Pasalnya, tambah Ketut, semenjak beleid itu berjalan, peternak justru kerap mengeluh sulit mendapatkan bibit ayam final atau final stock (FS) atau jika pun pasokan tersedia, harganya stabil tinggi.
Padahal, dalam beleid yang sama diatur bahwa pengusaha perbibitan harus mendistribusikan produksi anak ayam usia sehari (day old chick/DOC) FS sebanyak 50% untuk peternak rakyat mandiri atau UMKM dan 50% untuk perusahaan terintegrasi (integrator).
Adapun, berdasarkan hasil audit Kementerian Pertanian terdapat potensi kelebihan produksi daginga ayam sebanyak 331.035 ton pada 2018 dengan rataan per bulan sebanyak 27.586 ton. Total produksi mencapai 3,3 juta ton karkas atau setara 3,1 milliar ekor ayam sedangkan kebutuhan karkas hanya 3 juta ton.
Sementara itu, untuk produksi DOC FS bulan Januari 2019 diperkirakan sebanyak 268 juta ekor/bulan. Di sisi lain, berdasarkan data dari Gabungan Organisasi Peternak Ayam Nasional (GOPAN) harga DOC FS kerap menanjak dari Rp4.700/ekor hingga Rp6.400/ekor.
Ketut pun menambahkan nantinya baik peternak mandiri, koperasi atau sejenisnya dapat mengajukan surat rekomendasi impor GPS. Surat dapat diberikan bila yang bersangkutan lolos audit tim independen.
"DOC FS harusnya ada banyak tapi mahal, [kalau] peternak mau impor DOC saya kasih asal bersedia diaudit," katanya.
Selain faktor harga dan keterjangkauan, poin lain yang memicu rencana revisi permentan adalah adanya inkonsistensi mutu bibit yang diterima peternak mandiri.

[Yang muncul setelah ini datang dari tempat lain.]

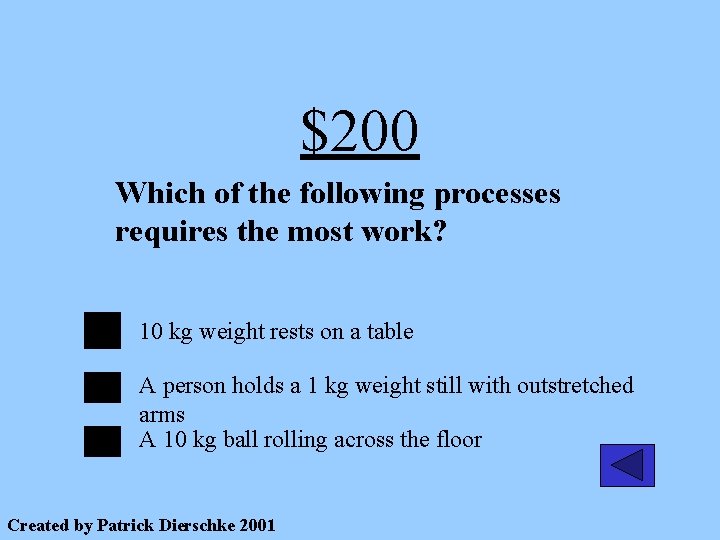 $200 Which of the following processes requires the most work? 10 kg weight rests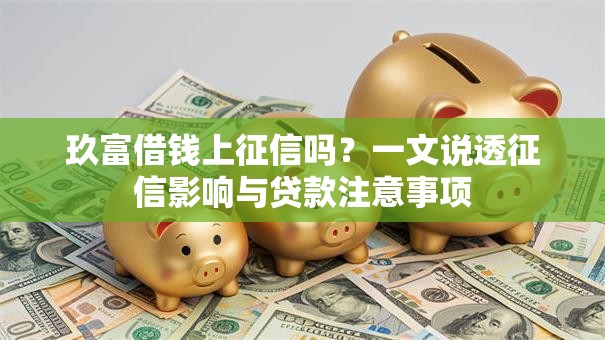 玖富借钱上征信吗？一文说透征信影响与贷款注意事项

Dengan dibebaskannya jumlah impor GPS, Ketut berharap lahir kompetisi untuk meningkatkan kualitas bibit sehingga ayam yang dihasilkan pun baik.
Tetapi yang perlu digarisbawahi, lanjutnya, mekanisme pasar yang akan menentukan untung atau ruginya pelaku usaha pembibitan. Pasalnya, peternak dapat membeli bibit dengan leluasa dan mudah.